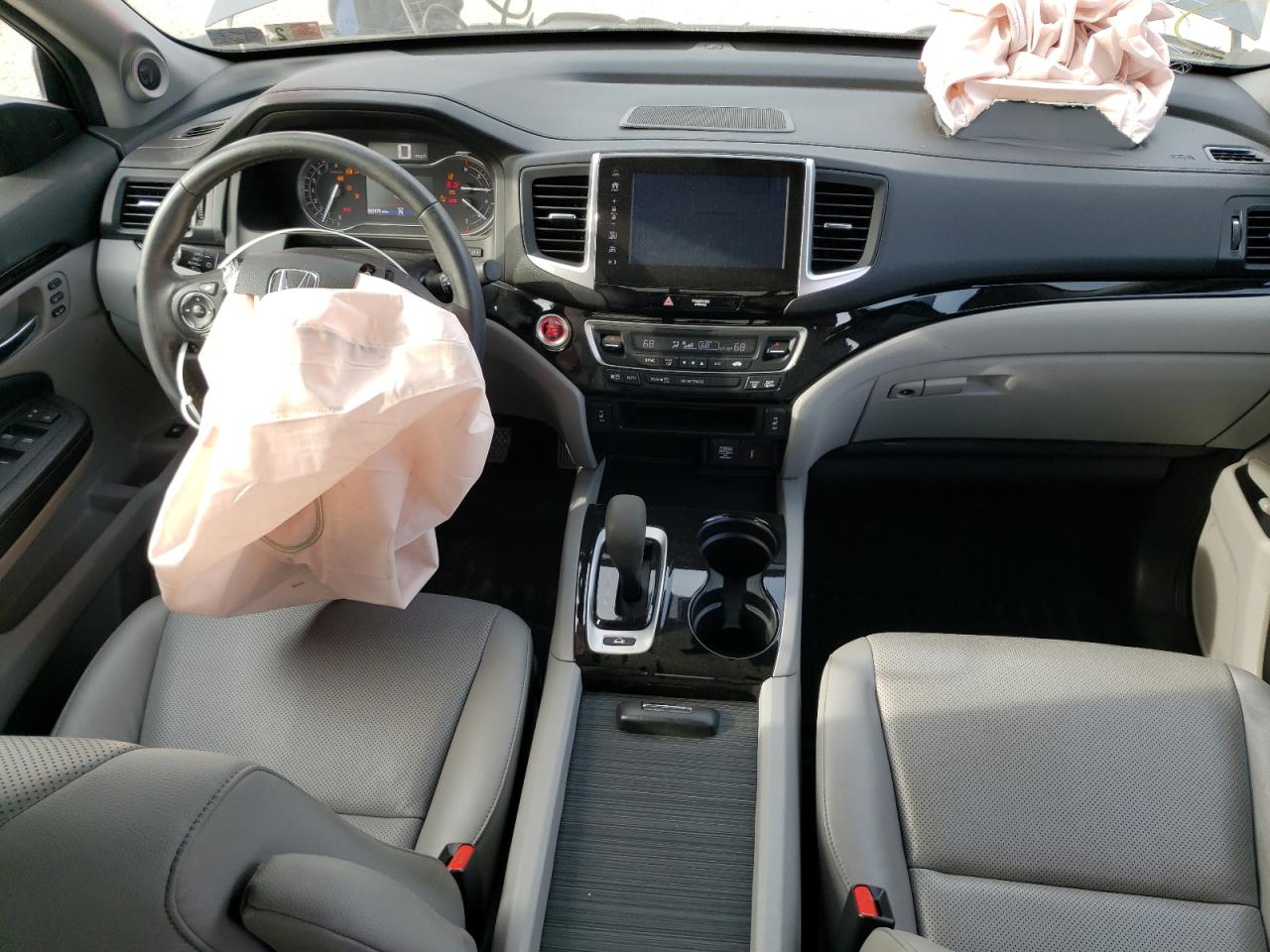 5FPYK3F71HB029594 HONDA RIDGELINE 2017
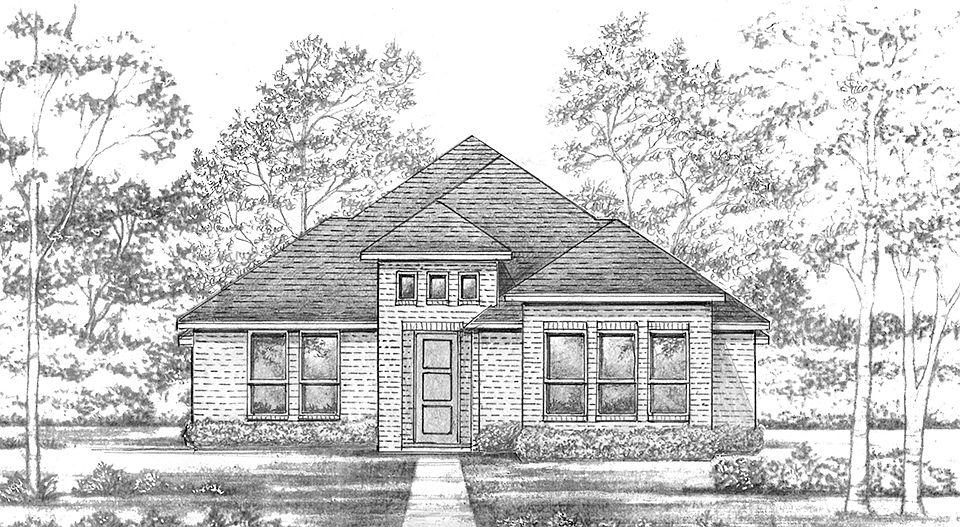 Elevation A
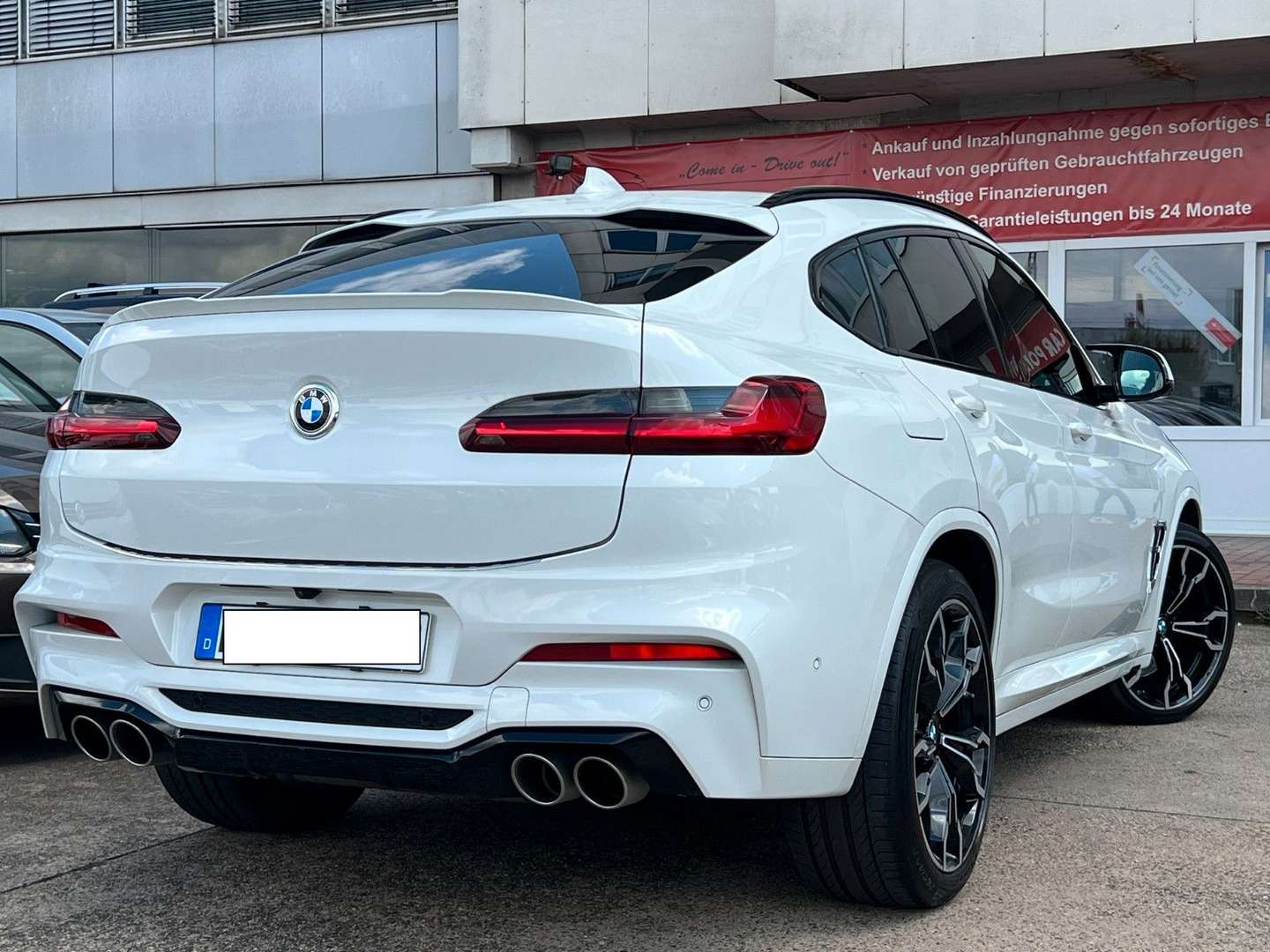 BMW X4 M - 2020 - Joinsteer - #5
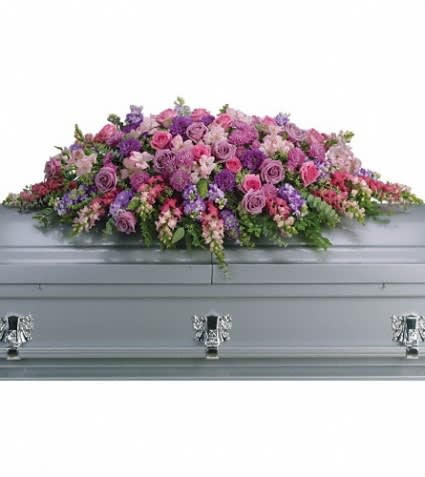 LAVEDA TRIBUTE CASKET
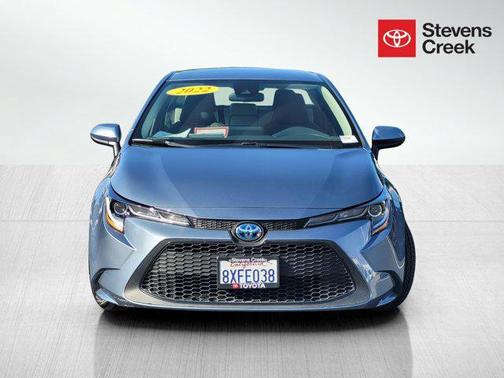 2022 Toyota Corolla Hybrid LE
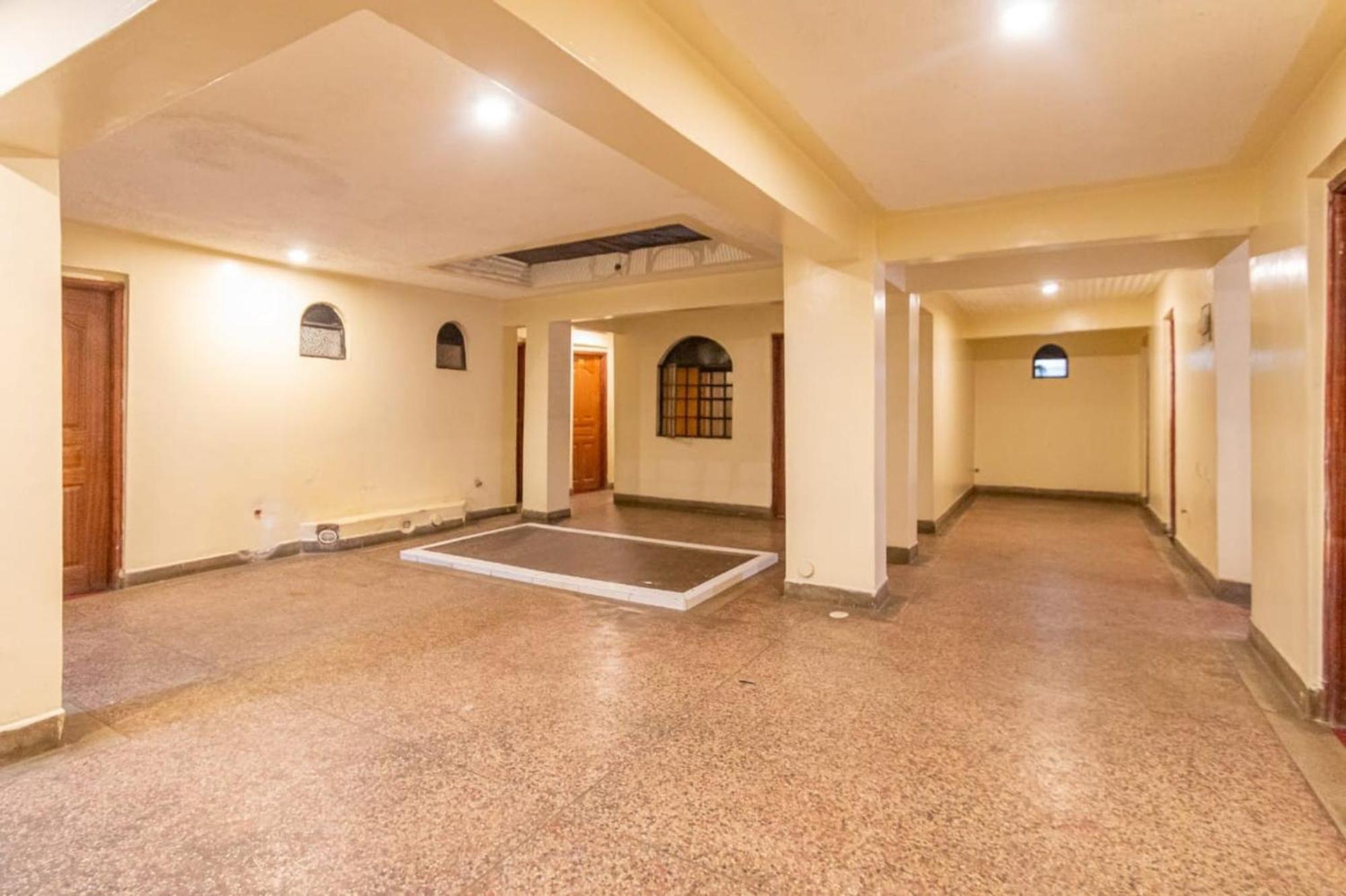 City Space Hotel Nairobi Exterior foto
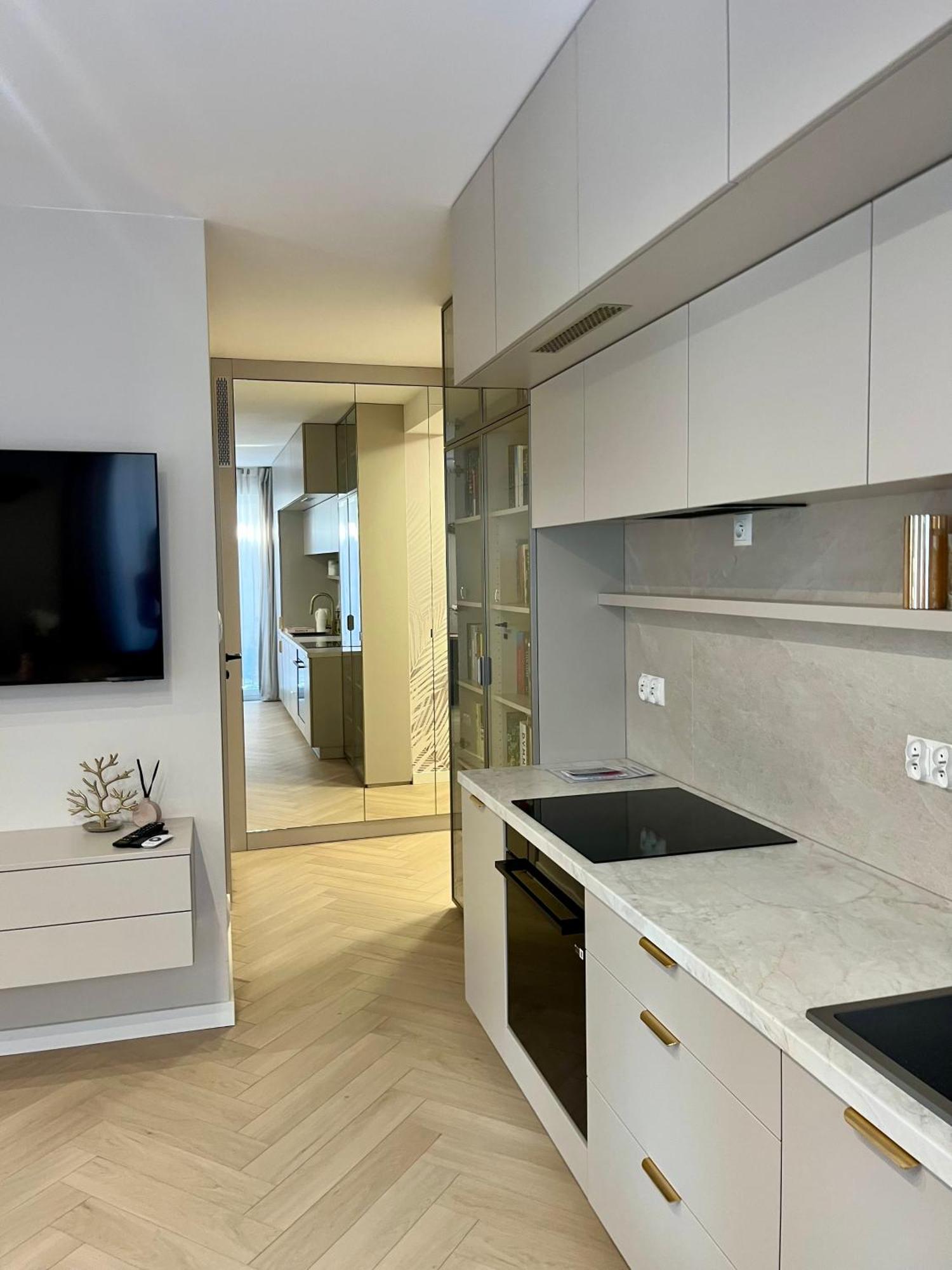 Apartament Kaszmirowy Bielsko-Biała Ngoại thất bức ảnh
^^^^^^^^
- _Aim of the task_: The answer must be an exact copy of the lines from the one containing "LAVEDA TRIBUTE CASKET" through the last line of the records, and nothing else. Pictures do not belong in it.

- _Written response_:
 LAVEDA TRIBUTE CASKET
 2022 Toyota Corolla Hybrid LE
 City Space Hotel Nairobi Exterior foto
 Apartament Kaszmirowy Bielsko-Biała Ngoại thất bức ảnh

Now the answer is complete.